Leave out every picture and set down, exactly, the lines below from the one holding "Volkswagen T-Roc (2026) thumbnail 3" up to and including the one holding "Certified 2022 Toyota".

RECORD EXCERPTS -
####

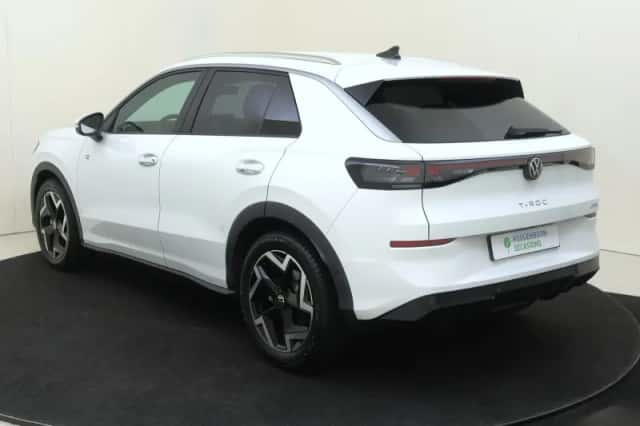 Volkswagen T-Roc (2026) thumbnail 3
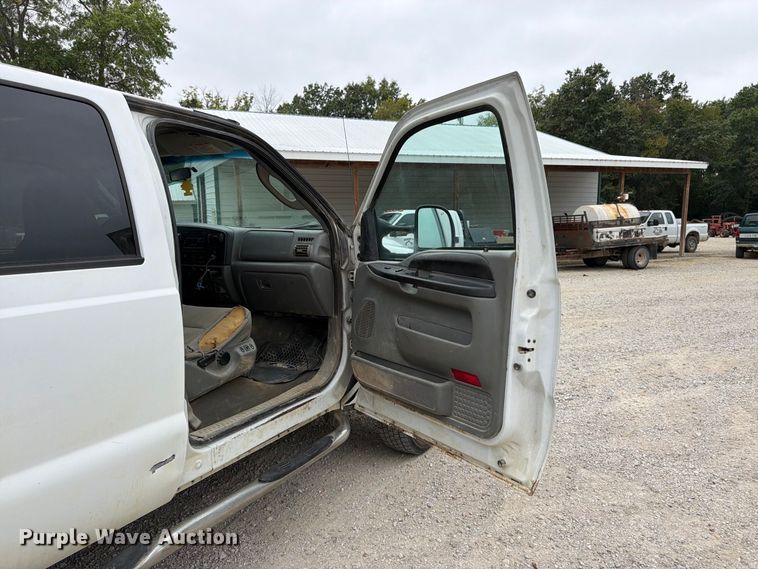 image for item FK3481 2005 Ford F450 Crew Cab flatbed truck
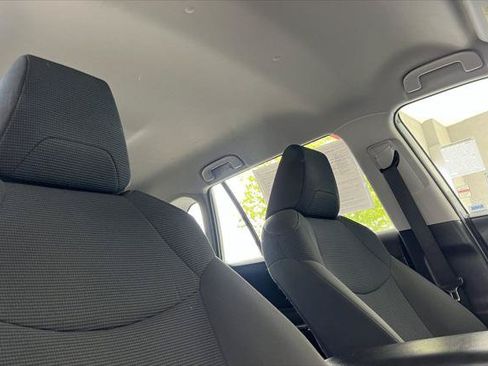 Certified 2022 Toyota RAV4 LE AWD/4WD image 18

####

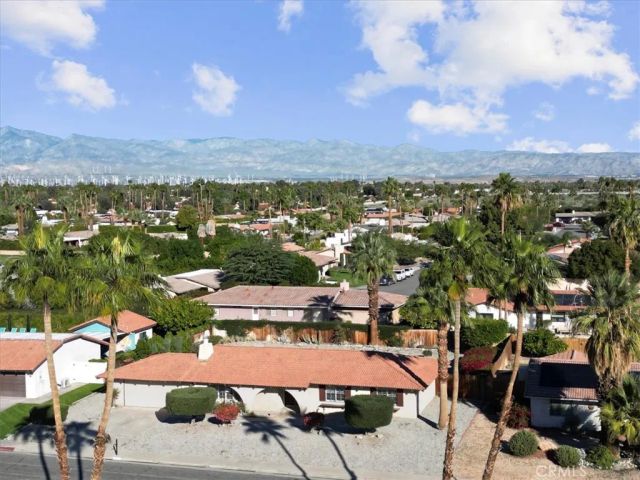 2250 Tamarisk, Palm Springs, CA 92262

####

EXERCISE SOLUTION -
 Volkswagen T-Roc (2026) thumbnail 3
 image for item FK3481 2005 Ford F450 Crew Cab flatbed truck
 Certified 2022 Toyota RAV4 LE AWD/4WD image 18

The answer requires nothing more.